> **Activity**:
Restate verbatim the span of lines below between the line with "Camping La Joletière" and the line with "Sofá Teca rinconera 306×240", including those two lines, and only that span.

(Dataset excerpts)
● ● ● ● ● ● ●

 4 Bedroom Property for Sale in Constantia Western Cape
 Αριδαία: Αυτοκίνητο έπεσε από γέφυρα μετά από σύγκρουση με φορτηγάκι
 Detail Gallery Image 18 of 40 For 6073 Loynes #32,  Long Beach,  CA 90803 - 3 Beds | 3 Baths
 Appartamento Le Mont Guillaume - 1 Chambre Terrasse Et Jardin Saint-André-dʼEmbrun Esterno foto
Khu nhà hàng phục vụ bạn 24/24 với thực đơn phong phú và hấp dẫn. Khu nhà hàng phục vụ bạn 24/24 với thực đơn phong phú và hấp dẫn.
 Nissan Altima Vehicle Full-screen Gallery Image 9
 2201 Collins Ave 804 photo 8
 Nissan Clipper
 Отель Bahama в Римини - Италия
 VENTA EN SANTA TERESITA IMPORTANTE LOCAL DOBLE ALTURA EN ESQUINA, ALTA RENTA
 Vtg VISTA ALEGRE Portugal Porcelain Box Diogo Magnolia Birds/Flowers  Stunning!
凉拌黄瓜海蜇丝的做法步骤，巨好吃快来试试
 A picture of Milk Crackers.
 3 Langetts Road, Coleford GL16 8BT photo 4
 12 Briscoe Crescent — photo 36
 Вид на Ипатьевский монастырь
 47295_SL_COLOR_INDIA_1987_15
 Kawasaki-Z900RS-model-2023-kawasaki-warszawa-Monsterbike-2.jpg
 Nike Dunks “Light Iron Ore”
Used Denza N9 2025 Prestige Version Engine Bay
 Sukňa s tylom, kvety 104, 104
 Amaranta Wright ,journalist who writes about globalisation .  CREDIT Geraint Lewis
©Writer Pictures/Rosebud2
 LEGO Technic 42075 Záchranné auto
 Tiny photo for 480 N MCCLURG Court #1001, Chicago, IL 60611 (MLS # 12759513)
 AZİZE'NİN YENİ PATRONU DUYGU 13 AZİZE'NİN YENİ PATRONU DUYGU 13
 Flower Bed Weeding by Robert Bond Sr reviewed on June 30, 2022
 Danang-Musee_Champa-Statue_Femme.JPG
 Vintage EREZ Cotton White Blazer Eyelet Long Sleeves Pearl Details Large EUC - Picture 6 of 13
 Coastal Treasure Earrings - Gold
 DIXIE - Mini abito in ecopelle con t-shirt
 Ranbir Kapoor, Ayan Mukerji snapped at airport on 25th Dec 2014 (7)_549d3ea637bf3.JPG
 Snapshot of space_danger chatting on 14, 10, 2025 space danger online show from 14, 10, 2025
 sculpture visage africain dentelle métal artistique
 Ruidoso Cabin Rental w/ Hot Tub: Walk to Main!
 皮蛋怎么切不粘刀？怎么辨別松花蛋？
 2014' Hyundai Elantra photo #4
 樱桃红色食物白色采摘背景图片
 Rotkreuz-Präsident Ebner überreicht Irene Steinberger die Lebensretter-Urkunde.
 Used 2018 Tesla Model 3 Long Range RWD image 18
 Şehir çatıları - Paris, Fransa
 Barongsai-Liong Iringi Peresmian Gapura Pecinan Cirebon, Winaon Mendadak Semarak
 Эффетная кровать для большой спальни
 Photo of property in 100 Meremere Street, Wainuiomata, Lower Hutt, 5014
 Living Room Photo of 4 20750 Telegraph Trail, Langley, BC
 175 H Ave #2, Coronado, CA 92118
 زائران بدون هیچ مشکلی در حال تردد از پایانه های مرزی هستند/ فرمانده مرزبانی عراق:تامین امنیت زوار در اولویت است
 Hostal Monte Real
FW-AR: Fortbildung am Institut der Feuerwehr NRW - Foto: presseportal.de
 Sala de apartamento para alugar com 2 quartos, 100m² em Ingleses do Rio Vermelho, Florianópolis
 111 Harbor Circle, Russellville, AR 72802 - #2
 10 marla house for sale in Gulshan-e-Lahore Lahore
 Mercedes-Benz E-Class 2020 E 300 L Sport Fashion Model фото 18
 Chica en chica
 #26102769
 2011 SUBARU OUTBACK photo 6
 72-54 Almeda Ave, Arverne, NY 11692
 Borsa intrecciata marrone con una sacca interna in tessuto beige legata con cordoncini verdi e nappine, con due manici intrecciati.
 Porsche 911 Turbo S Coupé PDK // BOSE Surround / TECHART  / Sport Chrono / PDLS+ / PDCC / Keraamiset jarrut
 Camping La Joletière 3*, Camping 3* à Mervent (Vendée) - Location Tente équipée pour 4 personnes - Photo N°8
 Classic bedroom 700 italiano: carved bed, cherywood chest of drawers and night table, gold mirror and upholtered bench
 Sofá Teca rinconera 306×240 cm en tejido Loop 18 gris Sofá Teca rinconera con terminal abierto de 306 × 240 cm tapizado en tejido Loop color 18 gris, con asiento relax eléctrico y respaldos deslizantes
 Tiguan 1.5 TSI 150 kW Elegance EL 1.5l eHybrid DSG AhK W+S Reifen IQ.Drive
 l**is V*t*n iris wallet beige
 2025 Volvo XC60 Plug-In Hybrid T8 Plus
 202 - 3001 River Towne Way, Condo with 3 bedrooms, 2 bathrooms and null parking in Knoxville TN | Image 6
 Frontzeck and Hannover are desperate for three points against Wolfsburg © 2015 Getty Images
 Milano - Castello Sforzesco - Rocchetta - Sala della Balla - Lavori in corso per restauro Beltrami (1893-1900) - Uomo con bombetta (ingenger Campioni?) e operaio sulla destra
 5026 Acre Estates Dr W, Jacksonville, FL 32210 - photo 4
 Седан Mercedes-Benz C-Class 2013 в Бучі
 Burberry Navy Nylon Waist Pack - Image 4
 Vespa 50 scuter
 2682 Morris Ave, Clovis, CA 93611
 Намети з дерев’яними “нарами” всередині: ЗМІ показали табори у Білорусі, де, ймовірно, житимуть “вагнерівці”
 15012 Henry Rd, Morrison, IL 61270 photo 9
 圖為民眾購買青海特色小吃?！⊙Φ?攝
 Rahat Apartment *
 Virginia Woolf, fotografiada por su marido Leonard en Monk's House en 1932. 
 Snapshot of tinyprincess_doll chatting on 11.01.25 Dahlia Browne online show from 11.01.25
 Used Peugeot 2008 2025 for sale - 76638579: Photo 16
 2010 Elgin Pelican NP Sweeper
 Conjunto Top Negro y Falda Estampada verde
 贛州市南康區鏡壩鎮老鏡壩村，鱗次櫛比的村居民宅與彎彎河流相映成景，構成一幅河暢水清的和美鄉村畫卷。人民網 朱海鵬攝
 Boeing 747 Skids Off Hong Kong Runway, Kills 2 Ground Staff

● ● ● ● ● ● ●

> **Response below**:
 Camping La Joletière 3*, Camping 3* à Mervent (Vendée) - Location Tente équipée pour 4 personnes - Photo N°8
 Classic bedroom 700 italiano: carved bed, cherywood chest of drawers and night table, gold mirror and upholtered bench
 Sofá Teca rinconera 306×240 cm en tejido Loop 18 gris Sofá Teca rinconera con terminal abierto de 306 × 240 cm tapizado en tejido Loop color 18 gris, con asiento relax eléctrico y respaldos deslizantes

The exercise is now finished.